◆ Problem requirements
Please repeat the data exactly, leaving nothing out.

[Extracted records]
- - -

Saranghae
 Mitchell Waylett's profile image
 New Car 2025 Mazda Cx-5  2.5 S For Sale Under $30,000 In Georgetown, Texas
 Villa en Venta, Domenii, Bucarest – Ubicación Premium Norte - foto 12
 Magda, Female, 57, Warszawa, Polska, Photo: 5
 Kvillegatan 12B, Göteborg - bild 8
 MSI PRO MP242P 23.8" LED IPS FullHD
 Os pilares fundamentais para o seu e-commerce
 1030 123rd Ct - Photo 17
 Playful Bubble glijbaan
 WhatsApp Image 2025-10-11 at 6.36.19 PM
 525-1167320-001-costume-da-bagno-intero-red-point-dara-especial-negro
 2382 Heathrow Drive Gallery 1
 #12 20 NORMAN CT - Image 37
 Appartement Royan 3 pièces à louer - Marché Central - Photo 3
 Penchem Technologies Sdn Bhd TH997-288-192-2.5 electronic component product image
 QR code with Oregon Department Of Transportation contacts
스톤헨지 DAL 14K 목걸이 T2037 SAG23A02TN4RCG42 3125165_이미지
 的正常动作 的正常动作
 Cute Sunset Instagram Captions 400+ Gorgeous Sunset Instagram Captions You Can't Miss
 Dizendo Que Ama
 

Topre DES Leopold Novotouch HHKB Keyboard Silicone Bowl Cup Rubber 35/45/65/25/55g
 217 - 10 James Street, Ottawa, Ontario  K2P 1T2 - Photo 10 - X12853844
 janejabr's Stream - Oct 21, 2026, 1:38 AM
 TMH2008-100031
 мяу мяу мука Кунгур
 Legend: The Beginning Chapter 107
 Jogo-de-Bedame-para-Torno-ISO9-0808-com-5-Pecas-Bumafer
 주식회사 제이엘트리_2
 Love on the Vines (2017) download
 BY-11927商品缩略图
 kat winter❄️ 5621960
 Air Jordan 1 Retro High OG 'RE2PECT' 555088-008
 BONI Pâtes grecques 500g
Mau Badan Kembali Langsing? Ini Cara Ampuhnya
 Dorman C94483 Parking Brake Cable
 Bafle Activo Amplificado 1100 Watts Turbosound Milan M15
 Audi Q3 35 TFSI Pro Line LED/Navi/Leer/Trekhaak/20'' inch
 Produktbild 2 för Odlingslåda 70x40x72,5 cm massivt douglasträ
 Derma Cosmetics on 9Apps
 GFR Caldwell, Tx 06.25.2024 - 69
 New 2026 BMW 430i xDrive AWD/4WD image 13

- - -

◆ Final answer
Saranghae
 Mitchell Waylett's profile image
 New Car 2025 Mazda Cx-5  2.5 S For Sale Under $30,000 In Georgetown, Texas
 Villa en Venta, Domenii, Bucarest – Ubicación Premium Norte - foto 12
 Magda, Female, 57, Warszawa, Polska, Photo: 5
 Kvillegatan 12B, Göteborg - bild 8
 MSI PRO MP242P 23.8" LED IPS FullHD
 Os pilares fundamentais para o seu e-commerce
 1030 123rd Ct - Photo 17
 Playful Bubble glijbaan
 WhatsApp Image 2025-10-11 at 6.36.19 PM
 525-1167320-001-costume-da-bagno-intero-red-point-dara-especial-negro
 2382 Heathrow Drive Gallery 1
 #12 20 NORMAN CT - Image 37
 Appartement Royan 3 pièces à louer - Marché Central - Photo 3
 Penchem Technologies Sdn Bhd TH997-288-192-2.5 electronic component product image
 QR code with Oregon Department Of Transportation contacts
스톤헨지 DAL 14K 목걸이 T2037 SAG23A02TN4RCG42 3125165_이미지
 的正常动作 的正常动作
 Cute Sunset Instagram Captions 400+ Gorgeous Sunset Instagram Captions You Can't Miss
 Dizendo Que Ama
 

Topre DES Leopold Novotouch HHKB Keyboard Silicone Bowl Cup Rubber 35/45/65/25/55g
 217 - 10 James Street, Ottawa, Ontario  K2P 1T2 - Photo 10 - X12853844
 janejabr's Stream - Oct 21, 2026, 1:38 AM
 TMH2008-100031
 мяу мяу мука Кунгур
 Legend: The Beginning Chapter 107
 Jogo-de-Bedame-para-Torno-ISO9-0808-com-5-Pecas-Bumafer
 주식회사 제이엘트리_2
 Love on the Vines (2017) download
 BY-11927商品缩略图
 kat winter❄️ 5621960
 Air Jordan 1 Retro High OG 'RE2PECT' 555088-008
 BONI Pâtes grecques 500g
Mau Badan Kembali Langsing? Ini Cara Ampuhnya
 Dorman C94483 Parking Brake Cable
 Bafle Activo Amplificado 1100 Watts Turbosound Milan M15
 Audi Q3 35 TFSI Pro Line LED/Navi/Leer/Trekhaak/20'' inch
 Produktbild 2 för Odlingslåda 70x40x72,5 cm massivt douglasträ
 Derma Cosmetics on 9Apps
 GFR Caldwell, Tx 06.25.2024 - 69
 New 2026 BMW 430i xDrive AWD/4WD image 13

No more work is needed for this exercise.